# December Storm:



## clu? (Sep 26, 2007)

Hey Y'all,
Trying to plan my skiing exploits this week. How is looking around the state? Any folks in Steamboat, Gunnison, or Alamosa have any pics or reports on BC conditions?


----------



## Fry (Jun 12, 2010)

Steamboat is getting hammered. Heavy and wet.


----------



## caseybailey (Mar 11, 2008)

BC around Monarch is heavy, wet and dangerous. If you get on something steep enough to ski, you're gambling on an avalanche. Many funky layers out there. I'd look into riding a lift or going for a tour until things settle down a bit.


----------



## lmyers (Jun 10, 2008)

caseybailey said:


> BC around Monarch is heavy, wet and dangerous. If you get on something steep enough to ski, you're gambling on an avalanche. Many funky layers out there. I'd look into riding a lift or going for a tour until things settle down a bit.

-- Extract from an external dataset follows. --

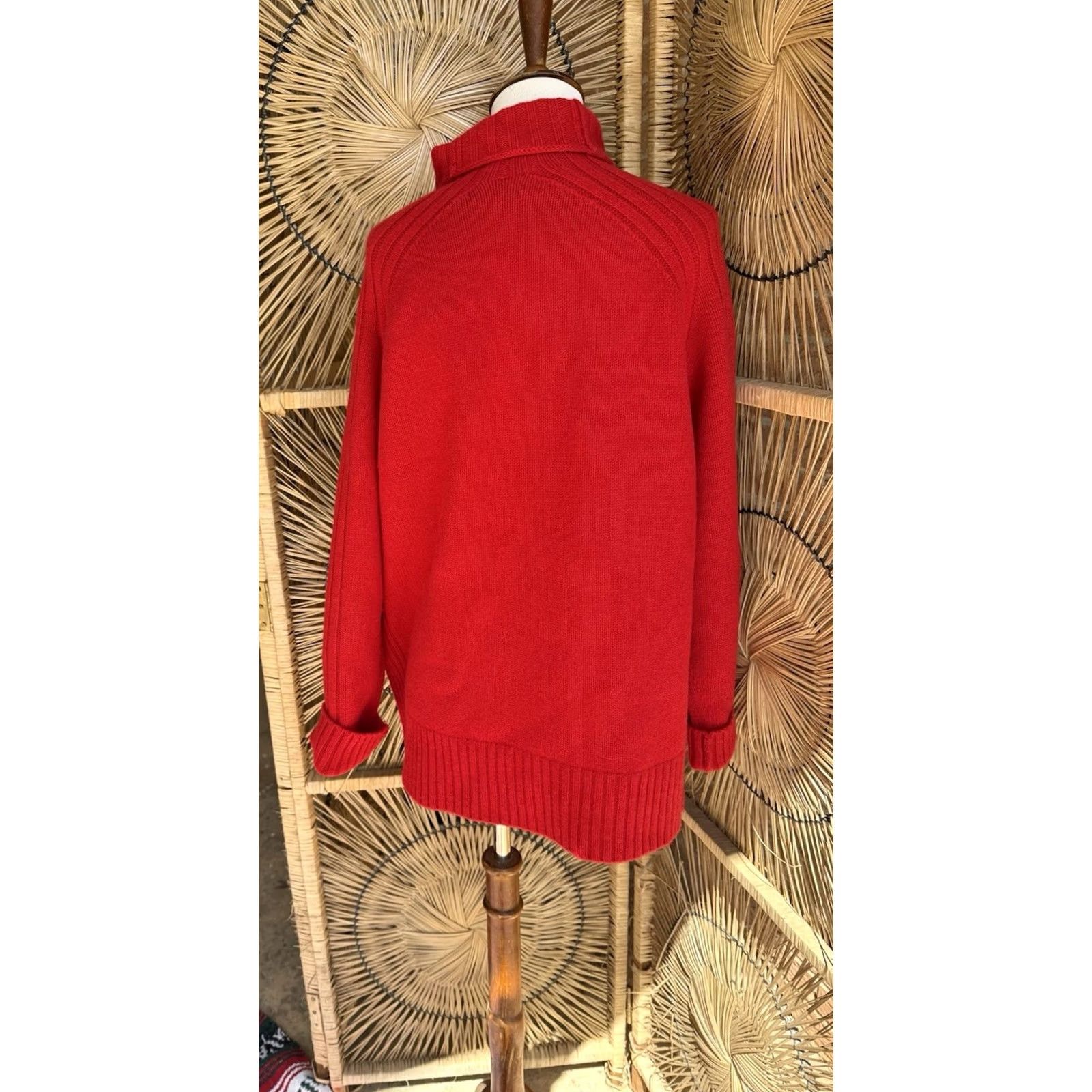 Ralph Lauren Polo Ralph Lauren Red Ribbed Turtleneck Sweater M Women’s Knit Pullover Long Sleeve Cotton Solid" Size M / US 6-8 / IT 42-44 - 6 Thumbnail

Good advice. Word is the storm came in light last Wed., Thurs., then the storm fell as 11% moisture Friday into Saturday, then Sunday's snow was a saturated 12%....Today it was falling as mostly graupel in the morning and turned to colder wind driven flakes this afternoon...many funky layers to say the least. It should make for a good base though if we (and mother nature) give it a couple of mild weeks before loading again...otherwise the bc is going to be touchy for awhile.


----------